Bodø/Glimt odniosło sukces, mimo że od 55. minuty grało bez wyrzucone z boiska Määtta. Trzeciego gola gospodarze zdobyli grając już w dziesiątkę. Chociaż w końcówce deficyt w swoim debiucie dla Smoków zmniejszył Deniz Gul, goście nie zdołali wyrównać. Porto straciło aż trzy gole, tyle samo co w sześciu dotychczasowych meczach ligowych.
Ludogorets - Slavia Praga 0:2
Zespół z Pragi rozpoczął rozgrywki Ligi Europy zgodnie z oczekiwaniami i wywiózł z Bułgarii trzy punkty.

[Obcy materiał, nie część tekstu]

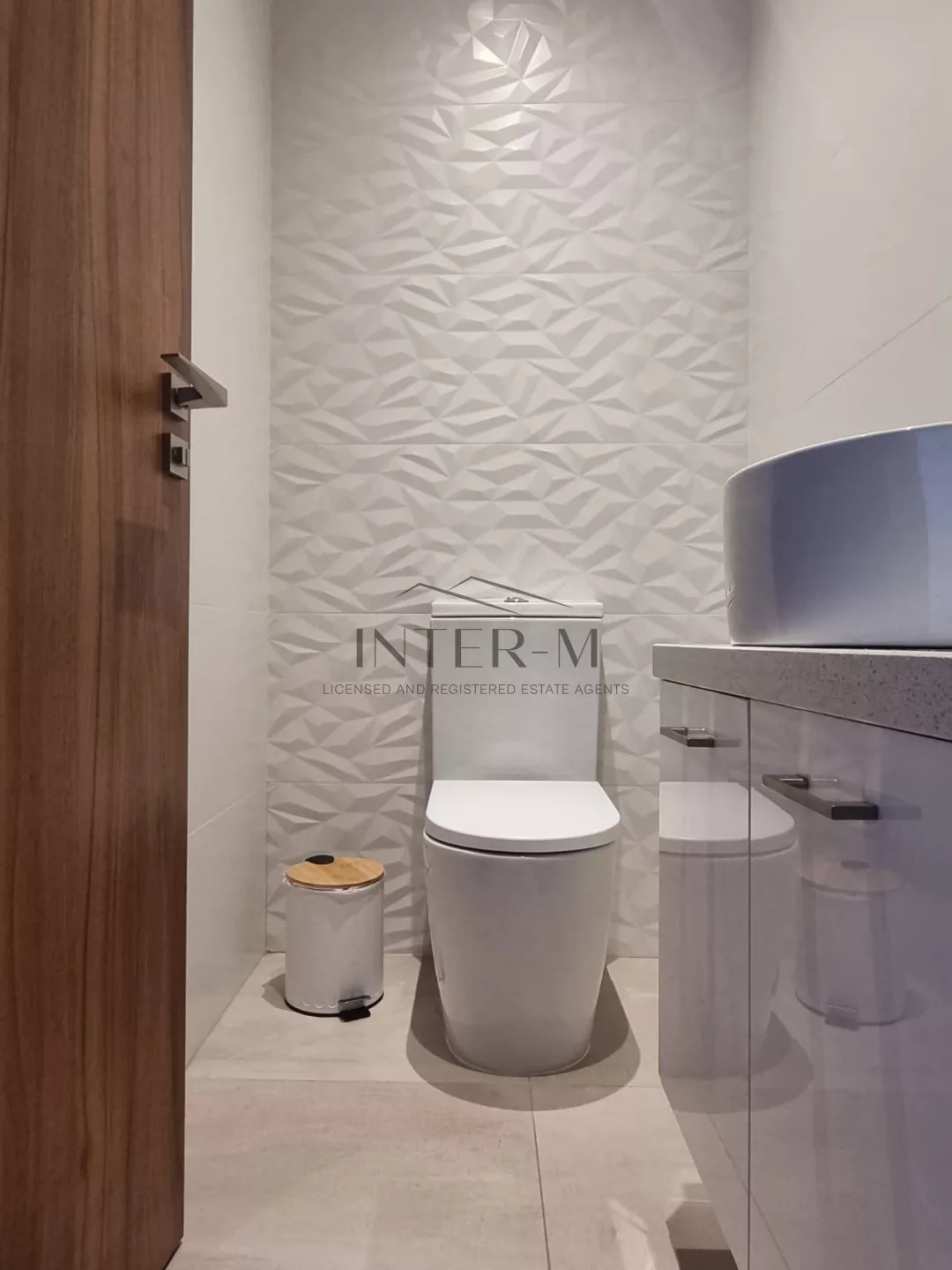 Apartment For Rent In Kato Polemidia, Limassol, Cyprus (3 Bedroom) photo 5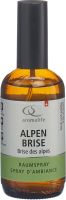 Produktbild von Aromalife Raumspray Alpenbrise 100ml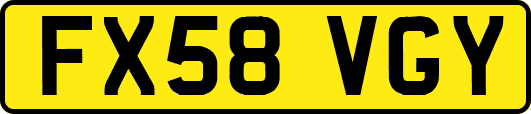 FX58VGY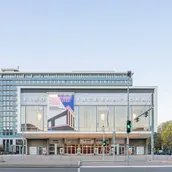Kino International, 2026, Entwurf: Kollektiv Josef Kaiser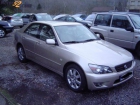 LEXUS IS 200 PRESIDENT AUTM - Asturias - mejor precio | unprecio.es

Pierwszym golem w sezonie wynik otworzył młody Matěj Jurásek, a następnie do siatki trafił Mojmír Chytil. Całe spotkanie w barwach gospodarzy rozegrał Jakub Piotrowski, który pełnił funkcję kapitana drużyny.

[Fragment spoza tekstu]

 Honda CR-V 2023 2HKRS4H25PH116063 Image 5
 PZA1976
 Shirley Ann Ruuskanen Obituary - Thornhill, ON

Manchester United - Twente 1:1
Trener Ten Hag nie chciał niczego lekceważyć i dał zaufanie kluczowym zawodnikom w wyjściowym składzie. Mimo że drużyna gospodarzy miała większe posiadanie piłki, a liczba strzałów była po ich stronie, nie udało im się wygrać. Christian Eriksen wyprowadził Manchester United na prowadzenie swoim trzecim golem w ostatnich trzech meczach.
Był to również jego pierwszy gol w europejskich pucharach od sezonu 2019/20. Twente zdołało jednak wyrównać za sprawą Sama Lammersa, który trafił do siatki po raz drugi z rzędu. Gospodarze przycisnęli swoich przeciwników pod koniec starcia i stworzyli kilka szans. Najbliższej pokonania bramkarza w trzeciej minucie doliczonego czasu gry był Harry Maguire, ale jego strzał głową został zatrzymany przez Unnerstalla.
Był to szczególny mecz dla trenera gospodarzy Erika ten Haga, który w swojej karierze grał dla Twente i zdobył z nimi Puchar Holandii w sezonie 2000/01.